09.12.2009

Peace and love

« Mais qu’est-ce que c’est que ce noir qu’elle vient de nous ramener ?! »

S’exclamait Moumoune de retour de chez sa petite fille.

« Non contente de voyager en stop à travers le continent, voilà qu’elle revient avec un noir. Et puis pas café au lait hein, noir ! »

Moumoune était outrée. Sa petite fille Sylvie n’en faisait qu’à sa tête. Celle-ci, âgée de vingt ans, n’avait pas connu mai 68, elle était trop jeune. Elle était arrivée trop tard, mais elle s’y croyait encore. Peace and love, jeans troués et rapiécés de tissus à fleurettes, cheveux longs, le nez au vent, elle avait décidé deux ans plus tôt d’abandonner ses études pour courir le vaste monde. Sans un sou en poche, elle faisait du stop pour tous ses déplacements. Auto-stop, bateau-stop, avion-stop, si, si, si sur les petits avions de lignes privés, tout était possible !

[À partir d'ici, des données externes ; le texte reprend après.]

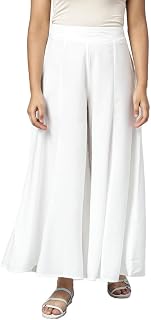 Aurelia Gold Solid Palazzos for Women's Ethnic Bottomwear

Et là, elle revenait de je ne sais plus quel coin d’Afrique après avoir travaillé dans je ne sais plus quel kibboutz. Moumoune s’arrachait les cheveux. Des voyages de sa petite fille elle en avait les oreilles rabattues. Le plus beau de l’affaire c’est qu’elle revenait malade, maintenant, elle faisait des crises de paludisme. « Dans des pays pareils, rien d’étonnant ! » Moumoune se sentait fébrile.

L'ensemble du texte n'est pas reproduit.